I didn't notice until this morning that he had a six inch RAT TAIL...
I apparently took a 45 minute shower, and became best friends with his mom.
The guy at the liquor store just checked my id and said "oh it's you"
Sorry about all the noise last night. We were trying to break bottles by kicking soccer balls at them. If it's any consolation, there's shattered glass and blood all over my kitchen.
For the record, a bath beer is far superior to a shower beer...
Just to clear things up. I did not walk in on him jacking off to your facebook profile.
Did you see the video of me eating a marshmellow on fire?

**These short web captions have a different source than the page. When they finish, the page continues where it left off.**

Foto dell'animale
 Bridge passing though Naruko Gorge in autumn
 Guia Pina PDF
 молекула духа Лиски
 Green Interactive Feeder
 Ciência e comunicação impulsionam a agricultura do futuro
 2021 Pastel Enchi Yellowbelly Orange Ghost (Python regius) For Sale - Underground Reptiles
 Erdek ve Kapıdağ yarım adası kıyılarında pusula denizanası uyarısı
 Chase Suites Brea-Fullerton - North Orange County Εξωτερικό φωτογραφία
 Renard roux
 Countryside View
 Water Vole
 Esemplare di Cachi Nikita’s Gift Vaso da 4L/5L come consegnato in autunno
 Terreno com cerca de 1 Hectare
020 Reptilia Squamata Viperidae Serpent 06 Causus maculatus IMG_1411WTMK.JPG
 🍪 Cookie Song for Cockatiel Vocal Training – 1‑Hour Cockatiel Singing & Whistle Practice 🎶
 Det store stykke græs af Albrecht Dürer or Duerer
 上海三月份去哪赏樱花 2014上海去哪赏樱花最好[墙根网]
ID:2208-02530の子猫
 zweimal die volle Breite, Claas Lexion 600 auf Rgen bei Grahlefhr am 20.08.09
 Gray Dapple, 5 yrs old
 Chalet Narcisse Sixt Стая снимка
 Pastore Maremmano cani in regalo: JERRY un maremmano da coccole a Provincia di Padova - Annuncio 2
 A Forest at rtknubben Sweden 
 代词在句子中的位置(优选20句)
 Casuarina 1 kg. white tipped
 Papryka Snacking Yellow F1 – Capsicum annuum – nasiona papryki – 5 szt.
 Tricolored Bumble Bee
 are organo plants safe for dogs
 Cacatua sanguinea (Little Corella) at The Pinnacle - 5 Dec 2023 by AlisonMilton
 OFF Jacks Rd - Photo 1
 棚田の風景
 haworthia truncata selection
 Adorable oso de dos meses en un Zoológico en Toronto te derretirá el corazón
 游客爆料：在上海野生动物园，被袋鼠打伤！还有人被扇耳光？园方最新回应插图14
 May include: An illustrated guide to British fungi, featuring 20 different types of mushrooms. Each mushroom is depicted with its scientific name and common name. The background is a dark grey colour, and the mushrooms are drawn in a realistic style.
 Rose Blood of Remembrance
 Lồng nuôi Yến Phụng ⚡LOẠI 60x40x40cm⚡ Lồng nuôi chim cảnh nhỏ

It's Saturday night and I'm sitting on my couch by myself, watching Glee, and drinking gin and tonics. If you listen very closely, you can hear the wails of my mother giving up hope that I will ever give her a son-in-law.
I have a breathe right strip stuck to my forehead, several inexplicable bruises and I think someone tried to paint my nails with glue, but I still have my Santa hat. I'm gonna call this one a success.
Watching this game makes me realize that we have yet to do Skype shots. What kind of long distance alcoholics are we?
So shaving my butt whilst humming "be prepared" is now in my top five weirdest Friday night activities.
Doing laundry. My jeans from last night smell like chicken wings and motor oil.
Hey can you tell Daniel there's a bottle of Captain Morgan's in the dryer ...
Sorry I think you have the wrong number
Yes it looks like I do
so how was it...?
sadly not as impressive as one might expect from a division one athlete. he lacked the stamina i had hoped for, and by lacked i do mean he fell asleep while he was still inside me. an epic wtf moment, i know.
I'm still very high. To be blunt. No pun intended.